Siège 3 : Phil Ivey
Tapis : 9,765,000 (septième place)
Origine : Né à Riverside, en Californie, mais a immédiatement déménagé avec sa famille à Roselle, dans le New Jersey (Nord-Est des États-Unis) C’est le poker qui l’a fait revenir à l’ouest au début des années 2000, d’abord à Los Angeles, puis à Las Vegas, sa principale résidence actuelle.
Âge : 33 ans
Profession : Joueur de poker « depuis toujours, ou presque » : Ivey gagne sa vie avec les cartes depuis l’âge de 20 ans. Durant les deux années qui ont précédé, il a maintenu sa bankroll à flot avec un job payé au lance-pierres dans une boîte de télé-marketing. Sa première (et probablement la dernière) incursion dans le monde du travail salarié.
Statut : Dieu vivant
Gains en tournoi (avant le Main Event) : 10,832,700$
Profil : Prétendons un instant que vous n’ayez jamais entendu parler du meilleur joueur du monde, ce qui me semble tout de même improbable. Pour vous, je me contenterai d’une description statistique qui en dit déjà bien long. Phil Ivey, c’est plus de 10 millions de dollars de gains en tournoi. Aux WSOP, c’est 35 places payées, dont 19 finales et sept victoires – jamais en Hold’em ! Au WPT, c’est 11 places payées, dont 8 finales, et une victoire (admirez le retour sur investissement : quand Phil rentre dans l’argent, c’est pour aller au bout). A côté de cela, il y a une seconde place pour l’une de ses rares apparitions à l’EPT (Barcelone, 2006), une victoire dans le Monte Carlo millions (après avoir passé le bluff le plus célèbre de l’histoire du poker contre Paul Jackson), et des tas et des tas d’autres résultats un peu partout dans le monde, dans toutes les variantes. Au Main Event des WSOP, Phil Ivey s’est classé dans le top 25 pas moins de quatre fois en dix participations. Mais cela sera sa première apparition en finale, après une cruelle dixième place en 2003 (la bulle) après un bad-beat contre Chris Moneymaker.

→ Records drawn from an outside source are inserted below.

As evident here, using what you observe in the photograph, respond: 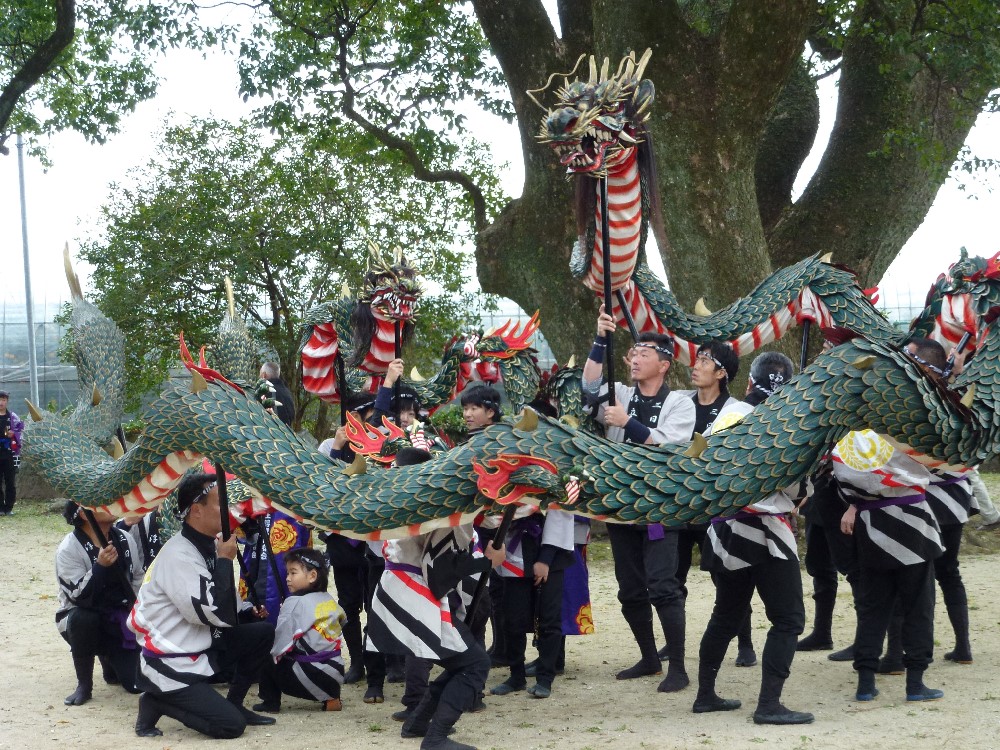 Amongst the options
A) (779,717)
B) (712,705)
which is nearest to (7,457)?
(712,705)

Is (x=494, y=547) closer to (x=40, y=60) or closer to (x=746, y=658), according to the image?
(x=746, y=658)

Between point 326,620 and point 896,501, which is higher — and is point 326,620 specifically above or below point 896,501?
below

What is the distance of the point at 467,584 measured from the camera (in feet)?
17.8

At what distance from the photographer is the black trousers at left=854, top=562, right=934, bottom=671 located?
536cm

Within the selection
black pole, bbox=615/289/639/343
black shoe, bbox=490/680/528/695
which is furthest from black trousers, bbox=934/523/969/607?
black shoe, bbox=490/680/528/695

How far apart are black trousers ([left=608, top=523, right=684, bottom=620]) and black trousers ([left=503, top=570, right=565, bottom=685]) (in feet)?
1.17

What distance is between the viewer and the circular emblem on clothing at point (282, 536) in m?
6.27

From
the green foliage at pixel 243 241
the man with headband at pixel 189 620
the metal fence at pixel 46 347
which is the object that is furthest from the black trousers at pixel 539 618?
the metal fence at pixel 46 347

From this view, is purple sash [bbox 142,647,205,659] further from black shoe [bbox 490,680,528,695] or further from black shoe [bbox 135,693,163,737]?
black shoe [bbox 490,680,528,695]

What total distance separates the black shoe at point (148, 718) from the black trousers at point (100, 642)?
2.65 feet

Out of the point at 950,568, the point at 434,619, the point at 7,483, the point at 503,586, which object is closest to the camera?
the point at 434,619

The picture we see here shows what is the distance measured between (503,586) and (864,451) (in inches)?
84.5

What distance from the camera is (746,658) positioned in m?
6.37

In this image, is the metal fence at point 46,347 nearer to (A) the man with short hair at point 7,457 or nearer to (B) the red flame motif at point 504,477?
(A) the man with short hair at point 7,457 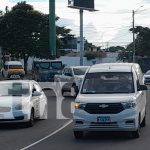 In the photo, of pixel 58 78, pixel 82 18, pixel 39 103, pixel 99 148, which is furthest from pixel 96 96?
pixel 82 18

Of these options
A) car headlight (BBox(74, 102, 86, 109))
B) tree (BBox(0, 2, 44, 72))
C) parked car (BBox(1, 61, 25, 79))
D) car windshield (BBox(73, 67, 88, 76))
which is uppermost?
tree (BBox(0, 2, 44, 72))

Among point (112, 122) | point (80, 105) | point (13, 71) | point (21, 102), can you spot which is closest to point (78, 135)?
point (80, 105)

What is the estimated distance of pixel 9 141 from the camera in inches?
549

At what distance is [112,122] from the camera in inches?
531

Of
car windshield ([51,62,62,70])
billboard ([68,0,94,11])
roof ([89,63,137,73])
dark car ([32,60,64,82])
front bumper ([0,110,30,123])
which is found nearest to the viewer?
roof ([89,63,137,73])

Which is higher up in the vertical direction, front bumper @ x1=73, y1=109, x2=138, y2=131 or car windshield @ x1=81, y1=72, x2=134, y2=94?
car windshield @ x1=81, y1=72, x2=134, y2=94

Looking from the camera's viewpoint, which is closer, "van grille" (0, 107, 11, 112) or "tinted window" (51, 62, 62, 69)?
"van grille" (0, 107, 11, 112)

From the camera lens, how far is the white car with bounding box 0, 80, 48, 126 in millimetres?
16469

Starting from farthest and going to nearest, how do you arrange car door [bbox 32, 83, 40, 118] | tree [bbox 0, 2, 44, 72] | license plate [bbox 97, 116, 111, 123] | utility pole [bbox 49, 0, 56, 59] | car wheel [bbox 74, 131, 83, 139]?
tree [bbox 0, 2, 44, 72] → utility pole [bbox 49, 0, 56, 59] → car door [bbox 32, 83, 40, 118] → car wheel [bbox 74, 131, 83, 139] → license plate [bbox 97, 116, 111, 123]

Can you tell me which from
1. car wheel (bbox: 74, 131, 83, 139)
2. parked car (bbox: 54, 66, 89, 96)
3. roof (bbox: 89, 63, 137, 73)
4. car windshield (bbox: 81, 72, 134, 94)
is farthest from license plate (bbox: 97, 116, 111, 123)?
parked car (bbox: 54, 66, 89, 96)

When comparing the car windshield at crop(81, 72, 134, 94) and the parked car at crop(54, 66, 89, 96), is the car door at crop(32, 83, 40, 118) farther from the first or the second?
the parked car at crop(54, 66, 89, 96)

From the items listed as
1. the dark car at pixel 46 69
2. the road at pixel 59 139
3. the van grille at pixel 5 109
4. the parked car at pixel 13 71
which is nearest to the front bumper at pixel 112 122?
the road at pixel 59 139

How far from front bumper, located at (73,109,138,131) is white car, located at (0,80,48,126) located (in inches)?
132

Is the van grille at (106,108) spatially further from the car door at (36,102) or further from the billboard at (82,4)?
the billboard at (82,4) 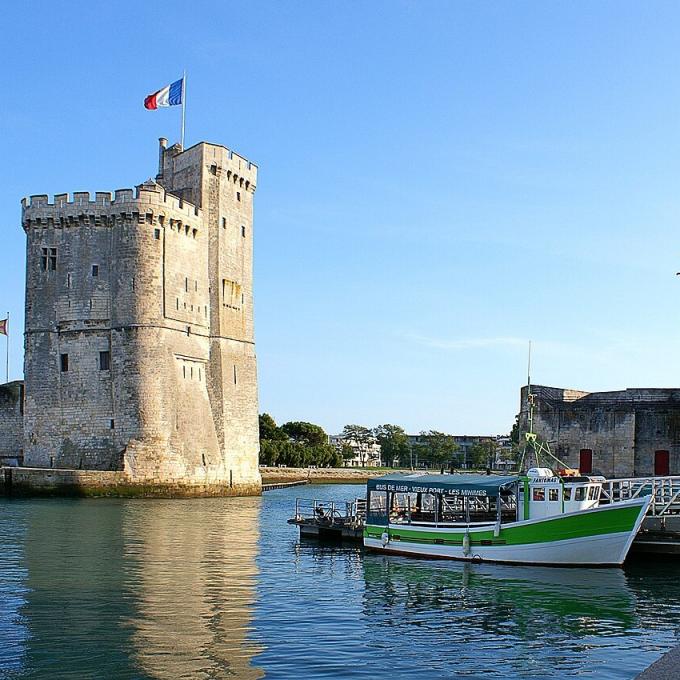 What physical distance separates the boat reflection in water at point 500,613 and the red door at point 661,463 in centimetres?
1708

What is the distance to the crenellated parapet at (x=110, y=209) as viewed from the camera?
57.1 metres

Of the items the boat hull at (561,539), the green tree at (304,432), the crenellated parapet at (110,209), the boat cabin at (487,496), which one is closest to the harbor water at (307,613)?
the boat hull at (561,539)

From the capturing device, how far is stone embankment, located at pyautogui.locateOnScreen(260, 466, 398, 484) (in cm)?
8891

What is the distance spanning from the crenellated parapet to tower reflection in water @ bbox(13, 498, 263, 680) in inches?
915

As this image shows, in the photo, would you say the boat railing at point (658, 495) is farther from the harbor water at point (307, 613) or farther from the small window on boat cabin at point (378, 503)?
the small window on boat cabin at point (378, 503)

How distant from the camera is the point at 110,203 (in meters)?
57.4

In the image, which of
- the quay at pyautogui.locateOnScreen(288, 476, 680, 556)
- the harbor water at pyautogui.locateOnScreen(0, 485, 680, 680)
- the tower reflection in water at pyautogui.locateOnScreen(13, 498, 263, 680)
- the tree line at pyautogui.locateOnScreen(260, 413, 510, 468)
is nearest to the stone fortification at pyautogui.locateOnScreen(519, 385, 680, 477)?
the quay at pyautogui.locateOnScreen(288, 476, 680, 556)

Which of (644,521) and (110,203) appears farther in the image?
(110,203)

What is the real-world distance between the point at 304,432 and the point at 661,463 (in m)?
87.4

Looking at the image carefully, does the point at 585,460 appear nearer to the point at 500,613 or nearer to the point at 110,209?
the point at 500,613

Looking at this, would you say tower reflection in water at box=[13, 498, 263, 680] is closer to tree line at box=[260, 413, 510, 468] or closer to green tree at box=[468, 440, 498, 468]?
tree line at box=[260, 413, 510, 468]

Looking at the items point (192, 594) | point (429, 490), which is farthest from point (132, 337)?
point (192, 594)

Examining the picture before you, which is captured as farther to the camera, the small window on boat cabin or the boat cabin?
the small window on boat cabin

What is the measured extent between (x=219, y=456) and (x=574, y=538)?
121 feet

Mais tout cela, cela ne représente rien, ou si peu, face aux accomplissements d’Ivey en cash-game, son gagne pain depuis l’adolescence, et sa façon favorite de pratiquer le poker. Ivey a monté les échelons patiemment, à force de travail et de discipline, pour disputer aujourd’hui les plus grosses parties live et online. Il n’y a pas de partie trop chère pour lui, même celle disputée contre le Andy Beal en 2006 aux blindes 50,000/100,000$ - c’était du Limit Hold’em, et Ivey a nettoyé le dangereux milliardaire de plus de quinze millions de dollars. En ligne, les bases de données montrent une domination écrasante. Sans compter qu’Ivey est l’un des investisseurs principaux de l’une des plus grosses salles de jeux en ligne du monde. On imagine le pactole que cela représente.
Tout cela, et bien plus encore, font d’Ivey le joueur de poker le plus charismatique de la planète. Et le plus mystérieux, aussi. Avant la parution du bouquin « Deal Me In », racontant les début de plusieurs célèbres pros, bien peu de fans connaissaient l’histoire des débuts d’Ivey dans le poker, qui se confond plus ou moins avec sa vie. Saviez-vous par exemple qu’à l’âge de seize ans, Ivey passait déjà sa vie dans les casinos d’Atlantic City, passant son premier gros bluff grâce à une fausse carte d’identité au nom de « Jerome Graham » ? « Le jour de mes 21 ans », explique t-il, « Je me suis simplement pointé au casino, et j’ai révélé mon vrai nom au responsable. Il m’a félicité pour la qualité de ma fausse carte, et m’a laissé continuer à jouer. J’étais l’un de leurs meilleurs clients, de toute façon. » Moins surprenant, on apprend aussi dans ce bouquin qu’Ivey a commencé par perdre avant de devenir le joueur qu’il est. « J’ai payé mes premières leçons, bien sur. Je faisais l’aller et retour entre le casino et un job de telemarketing. » Mais le potentiel était déjà là. Car Ivey est un bosseur. « J’observais mes adversaires, même quand je n’étais pas dans le coup. A la fin de chaque session, je prenais des notes, et analysais toutes les mains que j’avais joué, je restais éveillé tard dans la nuit. »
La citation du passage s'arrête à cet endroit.